**Problem to work on**
Take the line that contains "SALON adam et" and all lines after it, up to and including the last line of the data, and write them out exactly; nothing else belongs in the answer.

**Exercise data**
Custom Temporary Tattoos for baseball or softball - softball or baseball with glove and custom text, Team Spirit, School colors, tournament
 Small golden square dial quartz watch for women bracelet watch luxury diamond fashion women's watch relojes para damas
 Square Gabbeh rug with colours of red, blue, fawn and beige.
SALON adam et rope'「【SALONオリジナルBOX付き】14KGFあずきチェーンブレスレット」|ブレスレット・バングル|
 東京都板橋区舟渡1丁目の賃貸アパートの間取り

**Your solution**
SALON adam et rope'「【SALONオリジナルBOX付き】14KGFあずきチェーンブレスレット」|ブレスレット・バングル|
 東京都板橋区舟渡1丁目の賃貸アパートの間取り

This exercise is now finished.